→ Task brief
Here the job is to transcribe the data exactly while omitting the images.
• • • •
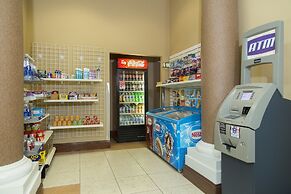 Hawthorn Extended Stay by Wyndham Orlando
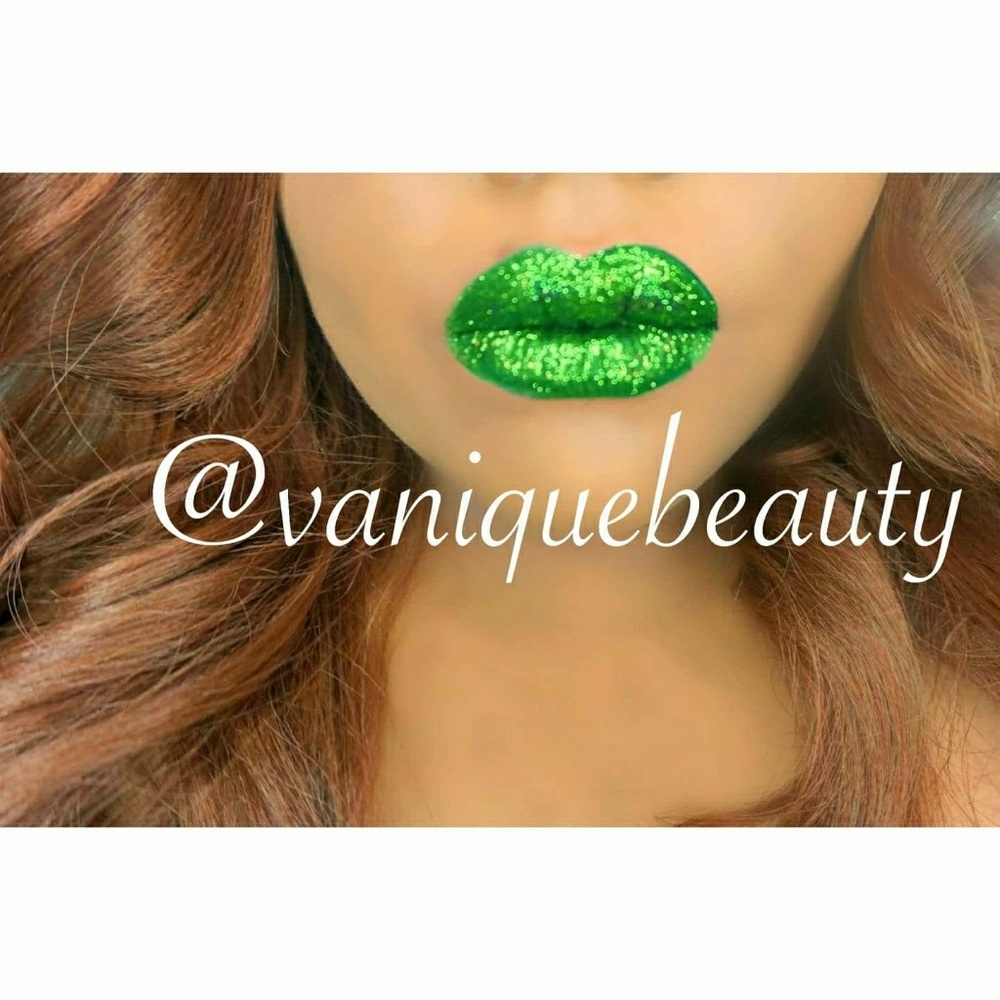 Vanique Cosmetics - Picture 3 of 4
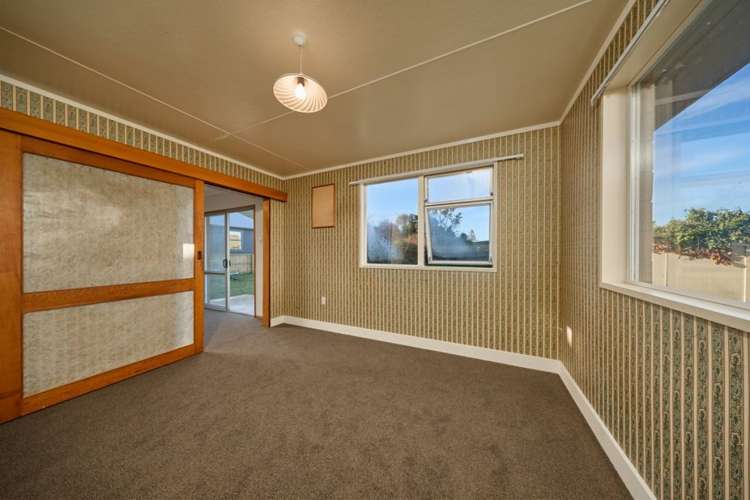 21 Torquay Street Kaikoura_6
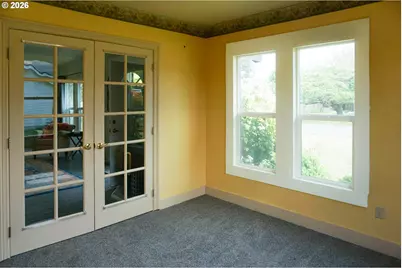 1735 N Elm St, Coquille, OR 97423 - Photo 20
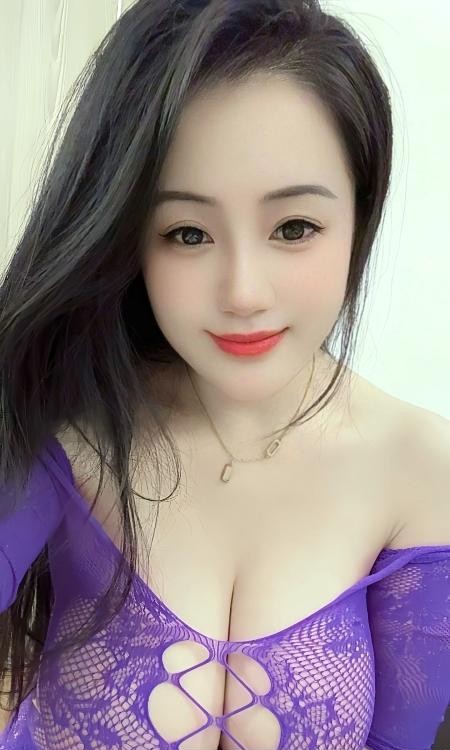 南开G奶巨臀芊芊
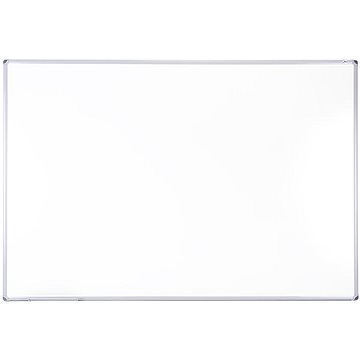 

AVELI BASIC 150 x 100 cm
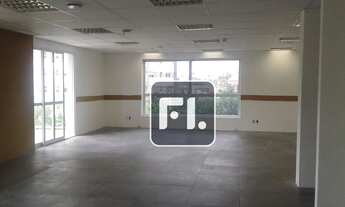 Imagem 2: Conjunto, 135 m² - venda por R$ 2.000.000,00 ou aluguel por R$ 16.600,01/mês - Brooklin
• • • •
→ Response area
 Hawthorn Extended Stay by Wyndham Orlando
 Vanique Cosmetics - Picture 3 of 4
 21 Torquay Street Kaikoura_6
 1735 N Elm St, Coquille, OR 97423 - Photo 20
 南开G奶巨臀芊芊

AVELI BASIC 150 x 100 cm
 Imagem 2: Conjunto, 135 m² - venda por R$ 2.000.000,00 ou aluguel por R$ 16.600,01/mês - Brooklin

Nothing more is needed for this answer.